((

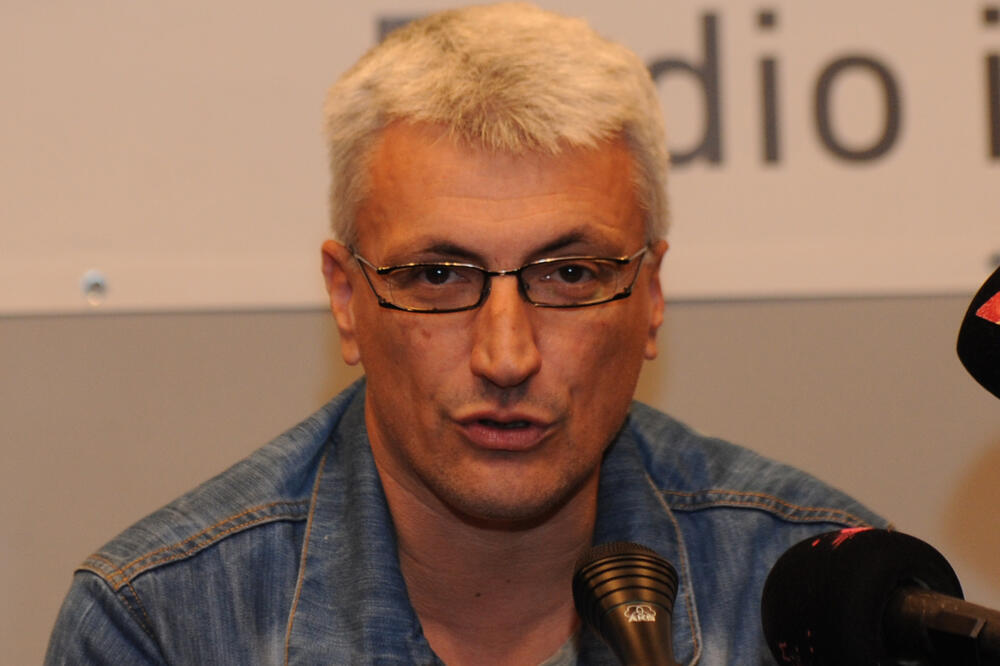 Sabrija Vulić, Foto: Savo Prelević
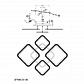 Потолочная люстра Seven Fires Loki SF7063/5C-AB-BL - фото №4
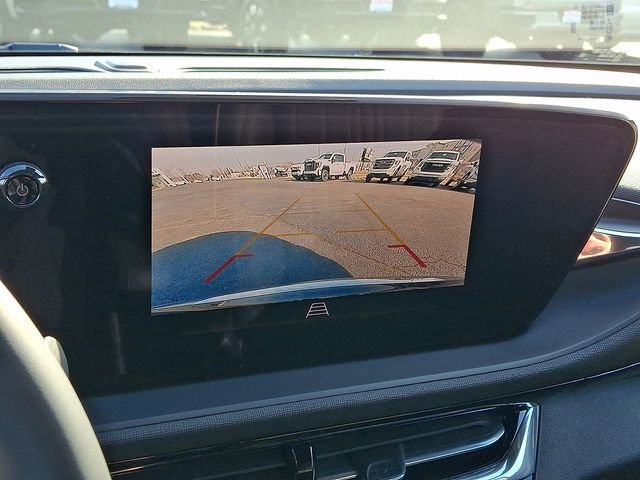 New 2026 Buick Envista Preferred FWD image 13
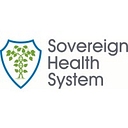 Sovereign Health systems logo
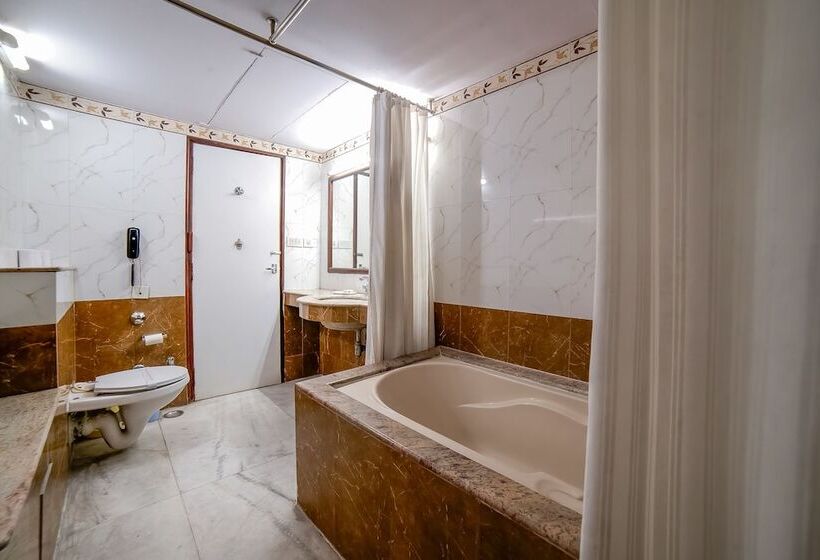 豪华房间, Lmb Hotel City Centre, Jaipur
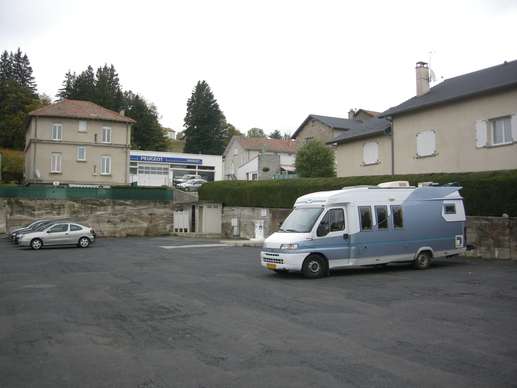 Added a photo to a location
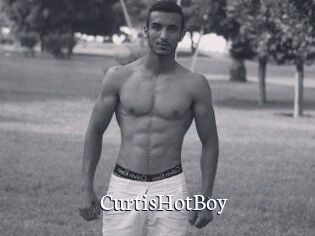 CurtisHotBoy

))

__Assignment__. Leave the images aside and retype each line of the listing above exactly.

__Exercise response__.
 Sabrija Vulić, Foto: Savo Prelević
 Потолочная люстра Seven Fires Loki SF7063/5C-AB-BL - фото №4
 New 2026 Buick Envista Preferred FWD image 13
 Sovereign Health systems logo
 豪华房间, Lmb Hotel City Centre, Jaipur
 Added a photo to a location
 CurtisHotBoy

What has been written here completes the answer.